[Input data]
● ● ● ● ●

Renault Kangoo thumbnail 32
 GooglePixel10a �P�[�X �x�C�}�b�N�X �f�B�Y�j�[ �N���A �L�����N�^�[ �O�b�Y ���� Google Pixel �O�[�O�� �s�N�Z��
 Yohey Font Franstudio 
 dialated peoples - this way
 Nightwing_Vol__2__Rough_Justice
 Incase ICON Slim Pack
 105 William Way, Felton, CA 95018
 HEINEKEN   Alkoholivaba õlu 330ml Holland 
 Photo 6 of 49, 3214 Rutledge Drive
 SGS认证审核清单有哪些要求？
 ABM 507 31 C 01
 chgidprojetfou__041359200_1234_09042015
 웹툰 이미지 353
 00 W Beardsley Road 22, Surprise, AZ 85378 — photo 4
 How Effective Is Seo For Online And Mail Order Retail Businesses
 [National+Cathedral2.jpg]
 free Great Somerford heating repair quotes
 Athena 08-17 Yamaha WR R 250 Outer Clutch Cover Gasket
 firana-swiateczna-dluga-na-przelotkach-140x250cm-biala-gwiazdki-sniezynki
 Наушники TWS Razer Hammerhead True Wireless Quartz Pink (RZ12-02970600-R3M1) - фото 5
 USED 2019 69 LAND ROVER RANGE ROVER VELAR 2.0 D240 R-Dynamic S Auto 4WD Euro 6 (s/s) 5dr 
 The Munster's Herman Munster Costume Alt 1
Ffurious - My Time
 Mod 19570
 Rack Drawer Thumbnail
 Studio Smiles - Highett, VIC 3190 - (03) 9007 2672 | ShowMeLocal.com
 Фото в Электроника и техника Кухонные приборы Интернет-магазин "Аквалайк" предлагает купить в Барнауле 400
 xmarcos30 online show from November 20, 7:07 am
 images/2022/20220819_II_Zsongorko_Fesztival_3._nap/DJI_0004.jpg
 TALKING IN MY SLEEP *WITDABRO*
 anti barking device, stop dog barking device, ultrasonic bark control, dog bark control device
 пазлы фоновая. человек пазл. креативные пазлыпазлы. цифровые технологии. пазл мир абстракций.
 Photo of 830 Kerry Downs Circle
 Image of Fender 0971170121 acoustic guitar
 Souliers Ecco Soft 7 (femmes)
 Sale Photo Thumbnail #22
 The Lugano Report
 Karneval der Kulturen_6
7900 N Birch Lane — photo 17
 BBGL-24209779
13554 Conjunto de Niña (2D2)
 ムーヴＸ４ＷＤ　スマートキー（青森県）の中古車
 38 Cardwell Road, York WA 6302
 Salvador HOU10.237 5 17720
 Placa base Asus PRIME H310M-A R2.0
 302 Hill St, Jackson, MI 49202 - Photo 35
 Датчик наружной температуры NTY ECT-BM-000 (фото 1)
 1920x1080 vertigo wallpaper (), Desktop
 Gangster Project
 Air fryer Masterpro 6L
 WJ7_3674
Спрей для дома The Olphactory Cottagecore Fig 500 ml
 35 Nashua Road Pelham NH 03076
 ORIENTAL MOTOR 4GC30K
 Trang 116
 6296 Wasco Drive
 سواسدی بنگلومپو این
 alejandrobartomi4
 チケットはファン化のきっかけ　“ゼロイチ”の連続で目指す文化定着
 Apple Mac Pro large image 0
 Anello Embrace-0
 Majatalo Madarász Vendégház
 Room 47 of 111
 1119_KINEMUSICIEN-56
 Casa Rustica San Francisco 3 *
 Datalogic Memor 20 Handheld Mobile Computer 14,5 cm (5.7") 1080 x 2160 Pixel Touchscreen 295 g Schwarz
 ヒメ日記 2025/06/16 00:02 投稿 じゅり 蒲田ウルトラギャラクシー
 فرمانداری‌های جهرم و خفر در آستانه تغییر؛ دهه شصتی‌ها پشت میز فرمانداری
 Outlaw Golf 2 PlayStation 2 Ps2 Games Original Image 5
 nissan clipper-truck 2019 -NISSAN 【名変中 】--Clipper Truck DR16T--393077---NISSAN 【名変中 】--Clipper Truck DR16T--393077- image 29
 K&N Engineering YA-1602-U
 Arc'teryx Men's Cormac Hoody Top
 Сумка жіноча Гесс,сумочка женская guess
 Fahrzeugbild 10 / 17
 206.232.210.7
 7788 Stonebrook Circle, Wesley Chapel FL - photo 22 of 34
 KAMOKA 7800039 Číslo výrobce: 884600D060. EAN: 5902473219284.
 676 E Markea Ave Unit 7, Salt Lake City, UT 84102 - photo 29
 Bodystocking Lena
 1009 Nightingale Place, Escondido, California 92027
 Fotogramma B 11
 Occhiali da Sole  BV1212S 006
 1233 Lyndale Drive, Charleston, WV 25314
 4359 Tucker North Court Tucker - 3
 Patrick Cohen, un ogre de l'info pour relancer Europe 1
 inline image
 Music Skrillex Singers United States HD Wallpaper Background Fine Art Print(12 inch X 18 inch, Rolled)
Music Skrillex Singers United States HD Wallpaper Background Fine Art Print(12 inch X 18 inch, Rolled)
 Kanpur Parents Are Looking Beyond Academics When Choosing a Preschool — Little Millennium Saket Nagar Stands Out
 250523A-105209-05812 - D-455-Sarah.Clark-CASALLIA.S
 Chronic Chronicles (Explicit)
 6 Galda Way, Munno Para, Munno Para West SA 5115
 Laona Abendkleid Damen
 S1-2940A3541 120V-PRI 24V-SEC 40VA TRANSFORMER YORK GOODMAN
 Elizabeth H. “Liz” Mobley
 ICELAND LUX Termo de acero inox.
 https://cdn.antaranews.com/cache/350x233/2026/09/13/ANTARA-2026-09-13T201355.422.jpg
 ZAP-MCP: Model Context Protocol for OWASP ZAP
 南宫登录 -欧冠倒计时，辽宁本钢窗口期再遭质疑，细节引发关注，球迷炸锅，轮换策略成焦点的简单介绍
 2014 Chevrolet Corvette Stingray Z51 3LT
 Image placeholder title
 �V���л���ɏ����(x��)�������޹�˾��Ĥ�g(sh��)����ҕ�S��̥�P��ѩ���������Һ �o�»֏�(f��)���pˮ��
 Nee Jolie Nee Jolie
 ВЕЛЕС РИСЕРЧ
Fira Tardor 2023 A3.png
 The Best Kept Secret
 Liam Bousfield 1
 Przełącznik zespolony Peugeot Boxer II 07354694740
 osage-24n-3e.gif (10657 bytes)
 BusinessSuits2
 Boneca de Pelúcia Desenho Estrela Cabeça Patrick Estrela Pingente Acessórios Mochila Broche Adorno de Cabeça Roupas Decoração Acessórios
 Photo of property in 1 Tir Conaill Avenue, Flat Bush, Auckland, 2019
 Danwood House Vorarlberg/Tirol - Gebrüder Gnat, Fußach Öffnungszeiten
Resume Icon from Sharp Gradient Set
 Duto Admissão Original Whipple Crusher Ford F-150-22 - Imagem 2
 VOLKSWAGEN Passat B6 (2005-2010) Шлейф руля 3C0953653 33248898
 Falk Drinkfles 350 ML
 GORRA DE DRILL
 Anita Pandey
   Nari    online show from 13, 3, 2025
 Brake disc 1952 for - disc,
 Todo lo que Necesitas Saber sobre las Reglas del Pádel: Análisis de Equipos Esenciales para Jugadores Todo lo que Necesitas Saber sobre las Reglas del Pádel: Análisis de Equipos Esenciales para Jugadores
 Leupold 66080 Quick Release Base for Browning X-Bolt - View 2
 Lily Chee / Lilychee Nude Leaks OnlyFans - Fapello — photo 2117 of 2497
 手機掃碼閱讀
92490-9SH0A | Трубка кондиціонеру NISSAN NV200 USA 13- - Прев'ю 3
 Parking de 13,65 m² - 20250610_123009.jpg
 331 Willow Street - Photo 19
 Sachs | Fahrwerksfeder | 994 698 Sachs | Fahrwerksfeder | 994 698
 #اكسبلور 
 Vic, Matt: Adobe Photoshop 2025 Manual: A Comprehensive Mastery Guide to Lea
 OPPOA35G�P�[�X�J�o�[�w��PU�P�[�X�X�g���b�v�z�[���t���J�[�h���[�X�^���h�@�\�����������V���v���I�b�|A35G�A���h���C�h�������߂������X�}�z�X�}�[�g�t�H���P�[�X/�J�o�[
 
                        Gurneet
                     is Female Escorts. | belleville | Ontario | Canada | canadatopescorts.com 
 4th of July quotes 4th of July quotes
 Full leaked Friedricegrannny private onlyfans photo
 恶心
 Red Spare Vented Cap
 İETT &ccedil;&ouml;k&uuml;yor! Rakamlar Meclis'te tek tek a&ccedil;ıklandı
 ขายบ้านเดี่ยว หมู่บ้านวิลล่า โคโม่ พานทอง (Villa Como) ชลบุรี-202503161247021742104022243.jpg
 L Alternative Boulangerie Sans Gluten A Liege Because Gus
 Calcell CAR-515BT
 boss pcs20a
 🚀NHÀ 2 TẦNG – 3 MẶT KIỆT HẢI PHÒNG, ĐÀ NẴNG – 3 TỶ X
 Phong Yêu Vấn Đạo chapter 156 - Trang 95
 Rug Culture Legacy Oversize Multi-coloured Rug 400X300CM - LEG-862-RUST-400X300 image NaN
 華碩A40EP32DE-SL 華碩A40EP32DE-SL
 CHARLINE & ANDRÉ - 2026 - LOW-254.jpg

● ● ● ● ●

Return the span of lines in the data above that opens at the line with "2014 Chevrolet Corvette Stingray Z51 3LT" and closes at the line with "Brake disc 1952", exactly, ends included, nothing else.

[Your response]
 2014 Chevrolet Corvette Stingray Z51 3LT
 Image placeholder title
 �V���л���ɏ����(x��)�������޹�˾��Ĥ�g(sh��)����ҕ�S��̥�P��ѩ���������Һ �o�»֏�(f��)���pˮ��
 Nee Jolie Nee Jolie
 ВЕЛЕС РИСЕРЧ
Fira Tardor 2023 A3.png
 The Best Kept Secret
 Liam Bousfield 1
 Przełącznik zespolony Peugeot Boxer II 07354694740
 osage-24n-3e.gif (10657 bytes)
 BusinessSuits2
 Boneca de Pelúcia Desenho Estrela Cabeça Patrick Estrela Pingente Acessórios Mochila Broche Adorno de Cabeça Roupas Decoração Acessórios
 Photo of property in 1 Tir Conaill Avenue, Flat Bush, Auckland, 2019
 Danwood House Vorarlberg/Tirol - Gebrüder Gnat, Fußach Öffnungszeiten
Resume Icon from Sharp Gradient Set
 Duto Admissão Original Whipple Crusher Ford F-150-22 - Imagem 2
 VOLKSWAGEN Passat B6 (2005-2010) Шлейф руля 3C0953653 33248898
 Falk Drinkfles 350 ML
 GORRA DE DRILL
 Anita Pandey
   Nari    online show from 13, 3, 2025
 Brake disc 1952 for - disc,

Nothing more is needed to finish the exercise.